Il prezzo del petrolio continua a oscillare e il calo sui minimi di cinque mesi registrato negli scambi del 7 dicembre è stato un colpo a sorpresa per i mercati.
La domanda che si pongono gli investitori, infatti, è se ora l’offerta di greggio sia eccessiva. Questa volta la risposta non dipende tanto dall’Opec, ma dagli Usa. E proprio questo fattore, il boom della produzione statunitense, ha gettato nel caos il settore petrolifero e stupito gli analisti.
Nel dettaglio, i futures sul Brent, il benchmark globale, scambiano sui 75 dollari al barile, dopo però essere diminuiti costantemente dai 90 dollari al barile di ottobre. Il West Texas Intermediate scambia sulla soglia dei 70 dollari al barile, con un tonfo del 24% rispetto ai 93 dollari di fine settembre.

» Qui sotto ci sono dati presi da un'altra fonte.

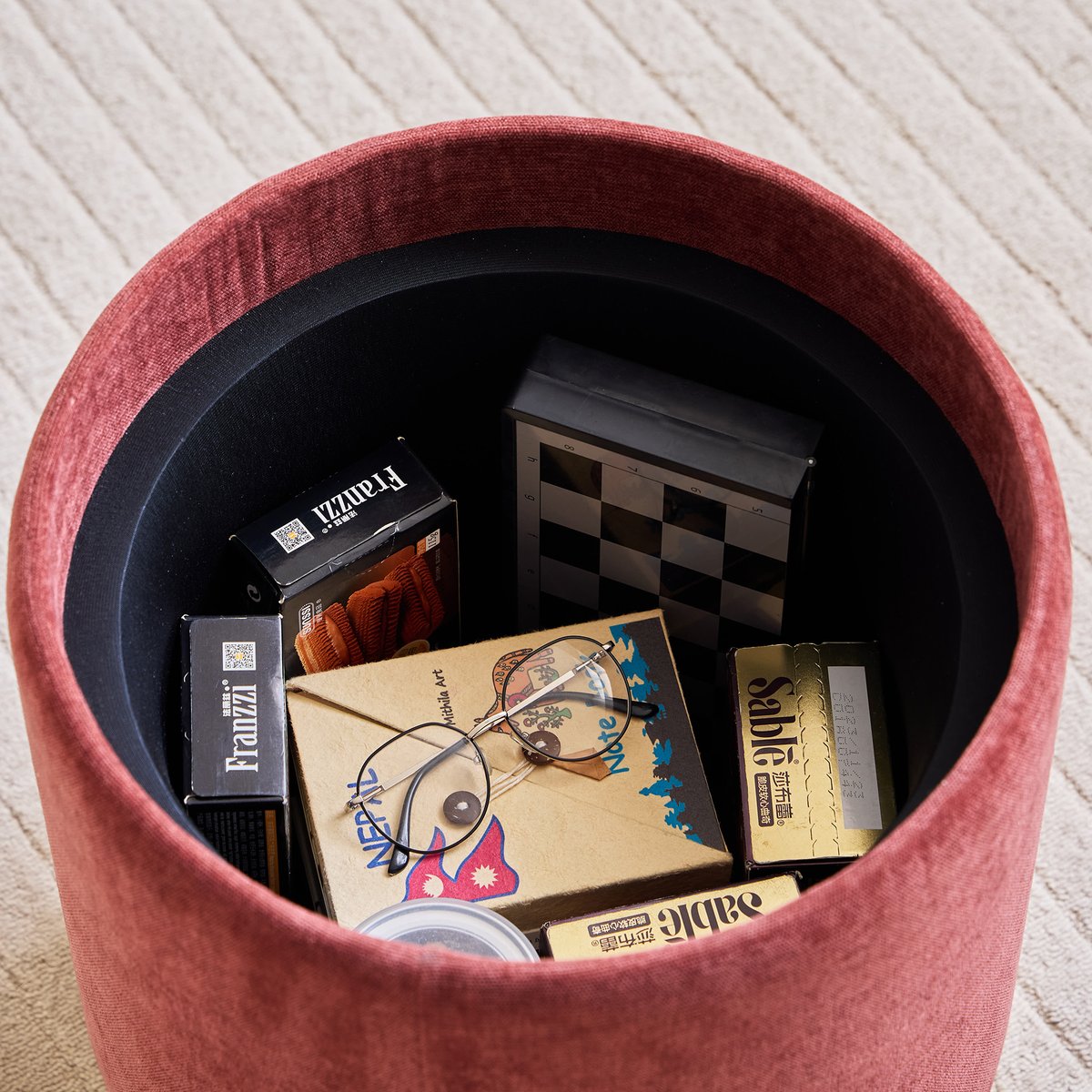 Pouf avec rangement, tissu et bois, KEMI terracotta, NORDLYS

I dati ufficiali statunitensi hanno mostrato un altro aumento delle scorte di greggio presso l’hub di Cushing, mentre la produzione di petrolio nazionale si è mantenuta vicino a un record e la domanda di benzina si è attenuata. Il fattore Usa non era stato considerato così rilevante finora, con i mercati piuttosto concentrati sulle dinamiche di offerta - molto confusionarie dopo l’ultimo incontro di dicembre - dell’Opec.

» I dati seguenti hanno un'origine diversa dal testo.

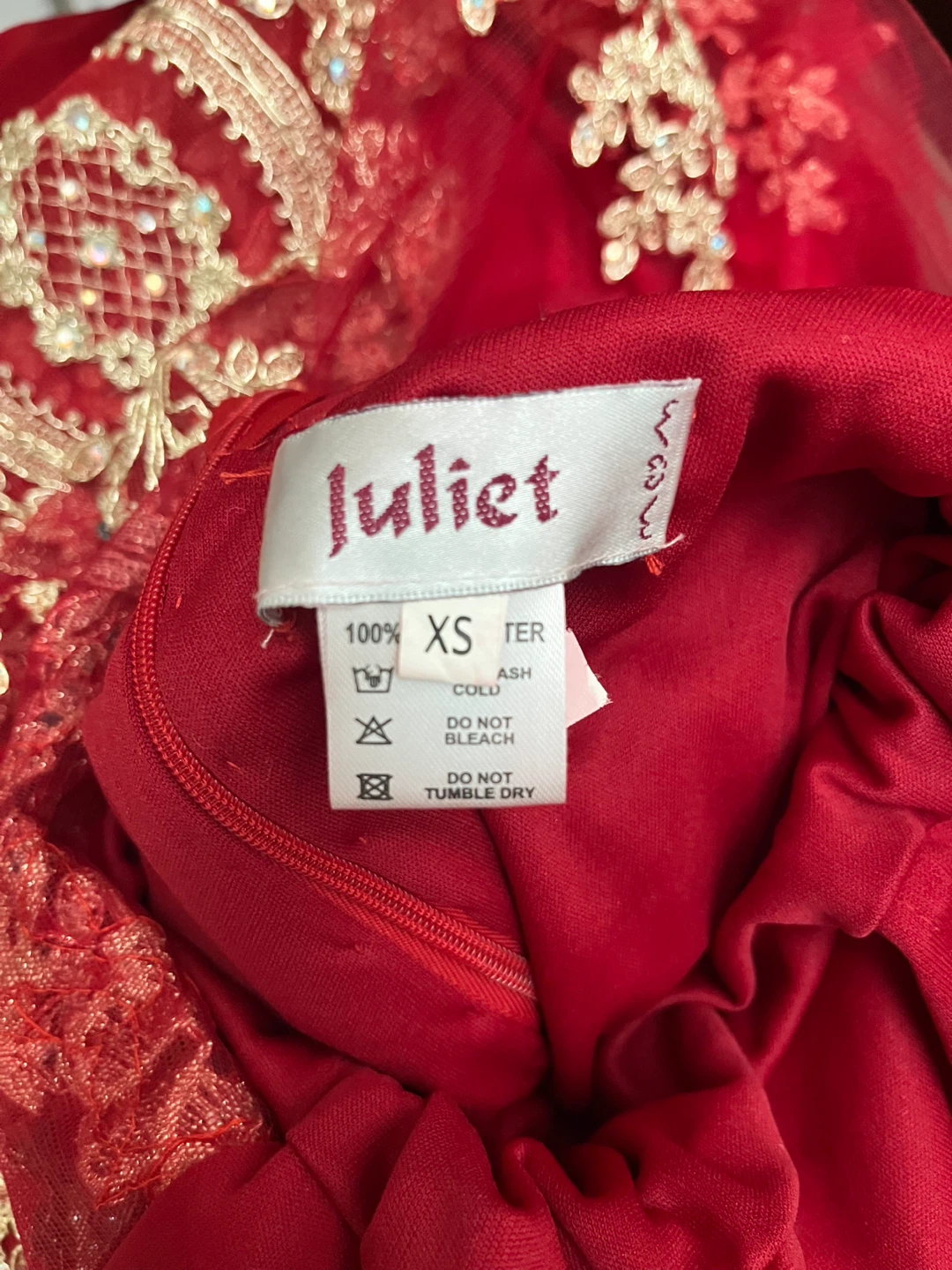 Red Beaded Embellished evening Dress - photo 3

Il movimento al ribasso delle quotazioni di greggio è stato registrato, infatti, nonostante un accordo siglato la scorsa settimana dal potente cartello guidato dall’Arabia Saudita che prevede tagli alla produzione. Il timore che l’aumento della produzione esterna al gruppo superi la domanda si sta facendo strada, mentre si ipotizza che gli stessi membri dell’OPEC+ potrebbero non aderire pienamente ai vincoli produttivi che si sono imposti.
Sullo sfondo, inoltre, emerge una rivalità sempre più evidente tra sauditi e statunitensi, entrambi interessati a influenzare i prezzi del petrolio (ma in opposte direzioni).
Il calo del prezzo del petrolio e il ruolo degli Usa (sottovalutato)
Un grafico degli esperti di Ispi (Istituto per gli studi di politica internazionale) mostra in modo chiaro cosa sta succedendo negli ultimi mesi alla produzione di petrolio. L’offerta di greggio statunitense ha raggiunto un livello record a settembre, secondo di dati della Energy Information Administration, mentre l’Arabia Saudita resta determinata a guidare la politica dei tagli Opec:
“Una sfida all’ultimo barile”, come efficacemente sintetizzato dagli esperti Ispi, sembra quindi essere in corso. I numeri hanno rivelato che la produzione americana di petrolio greggio ha raggiunto un nuovo massimo storico di 13,2 milioni di barili al giorno a settembre. Questo aumento inaspettato di volumi di greggio dagli Usa ha sollevato diversi interrogativi.
Innanzitutto, l’incremento di forniture - e quindi dell’attività industriale petrolifera e dello shale oil molto praticato negli Stati Uniti - crea disagio all’amministrazione Biden. I funzionari statunitensi, infatti, si sono impegnati ufficialmente per eliminare in modo graduale l’uso dei combustibili fossili durante la Cop28 a Dubai.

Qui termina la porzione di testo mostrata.